[Opening Task material section]

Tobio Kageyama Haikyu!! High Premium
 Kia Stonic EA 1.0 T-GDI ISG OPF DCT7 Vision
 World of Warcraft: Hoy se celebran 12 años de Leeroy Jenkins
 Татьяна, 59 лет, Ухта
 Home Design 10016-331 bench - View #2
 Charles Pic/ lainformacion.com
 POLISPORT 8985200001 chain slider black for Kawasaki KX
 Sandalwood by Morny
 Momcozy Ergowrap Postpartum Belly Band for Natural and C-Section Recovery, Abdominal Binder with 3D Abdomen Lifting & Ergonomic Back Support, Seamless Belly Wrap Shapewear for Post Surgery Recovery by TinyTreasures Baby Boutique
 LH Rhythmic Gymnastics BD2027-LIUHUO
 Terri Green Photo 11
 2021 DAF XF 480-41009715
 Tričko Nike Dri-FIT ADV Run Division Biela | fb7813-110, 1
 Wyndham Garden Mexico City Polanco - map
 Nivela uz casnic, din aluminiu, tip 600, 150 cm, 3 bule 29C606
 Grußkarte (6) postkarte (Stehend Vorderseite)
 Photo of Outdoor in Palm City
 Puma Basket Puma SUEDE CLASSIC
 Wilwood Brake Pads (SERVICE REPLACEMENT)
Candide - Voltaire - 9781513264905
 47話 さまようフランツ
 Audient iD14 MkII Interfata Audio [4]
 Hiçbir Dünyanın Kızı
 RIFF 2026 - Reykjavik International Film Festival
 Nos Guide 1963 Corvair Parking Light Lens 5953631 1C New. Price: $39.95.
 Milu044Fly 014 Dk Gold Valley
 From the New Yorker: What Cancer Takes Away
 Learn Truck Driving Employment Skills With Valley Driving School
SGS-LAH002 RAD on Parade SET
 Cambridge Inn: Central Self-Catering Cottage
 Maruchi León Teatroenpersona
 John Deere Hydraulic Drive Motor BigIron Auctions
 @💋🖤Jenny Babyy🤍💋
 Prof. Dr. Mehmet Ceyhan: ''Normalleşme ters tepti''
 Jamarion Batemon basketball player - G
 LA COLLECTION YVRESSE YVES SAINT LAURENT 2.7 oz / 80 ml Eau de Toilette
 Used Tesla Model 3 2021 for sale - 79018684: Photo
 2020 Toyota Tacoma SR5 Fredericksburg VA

[Closing Task material section]

Task to complete
Please retype the data above exactly, including every line.

Reply to the task
Tobio Kageyama Haikyu!! High Premium
 Kia Stonic EA 1.0 T-GDI ISG OPF DCT7 Vision
 World of Warcraft: Hoy se celebran 12 años de Leeroy Jenkins
 Татьяна, 59 лет, Ухта
 Home Design 10016-331 bench - View #2
 Charles Pic/ lainformacion.com
 POLISPORT 8985200001 chain slider black for Kawasaki KX
 Sandalwood by Morny
 Momcozy Ergowrap Postpartum Belly Band for Natural and C-Section Recovery, Abdominal Binder with 3D Abdomen Lifting & Ergonomic Back Support, Seamless Belly Wrap Shapewear for Post Surgery Recovery by TinyTreasures Baby Boutique
 LH Rhythmic Gymnastics BD2027-LIUHUO
 Terri Green Photo 11
 2021 DAF XF 480-41009715
 Tričko Nike Dri-FIT ADV Run Division Biela | fb7813-110, 1
 Wyndham Garden Mexico City Polanco - map
 Nivela uz casnic, din aluminiu, tip 600, 150 cm, 3 bule 29C606
 Grußkarte (6) postkarte (Stehend Vorderseite)
 Photo of Outdoor in Palm City
 Puma Basket Puma SUEDE CLASSIC
 Wilwood Brake Pads (SERVICE REPLACEMENT)
Candide - Voltaire - 9781513264905
 47話 さまようフランツ
 Audient iD14 MkII Interfata Audio [4]
 Hiçbir Dünyanın Kızı
 RIFF 2026 - Reykjavik International Film Festival
 Nos Guide 1963 Corvair Parking Light Lens 5953631 1C New. Price: $39.95.
 Milu044Fly 014 Dk Gold Valley
 From the New Yorker: What Cancer Takes Away
 Learn Truck Driving Employment Skills With Valley Driving School
SGS-LAH002 RAD on Parade SET
 Cambridge Inn: Central Self-Catering Cottage
 Maruchi León Teatroenpersona
 John Deere Hydraulic Drive Motor BigIron Auctions
 @💋🖤Jenny Babyy🤍💋
 Prof. Dr. Mehmet Ceyhan: ''Normalleşme ters tepti''
 Jamarion Batemon basketball player - G
 LA COLLECTION YVRESSE YVES SAINT LAURENT 2.7 oz / 80 ml Eau de Toilette
 Used Tesla Model 3 2021 for sale - 79018684: Photo
 2020 Toyota Tacoma SR5 Fredericksburg VA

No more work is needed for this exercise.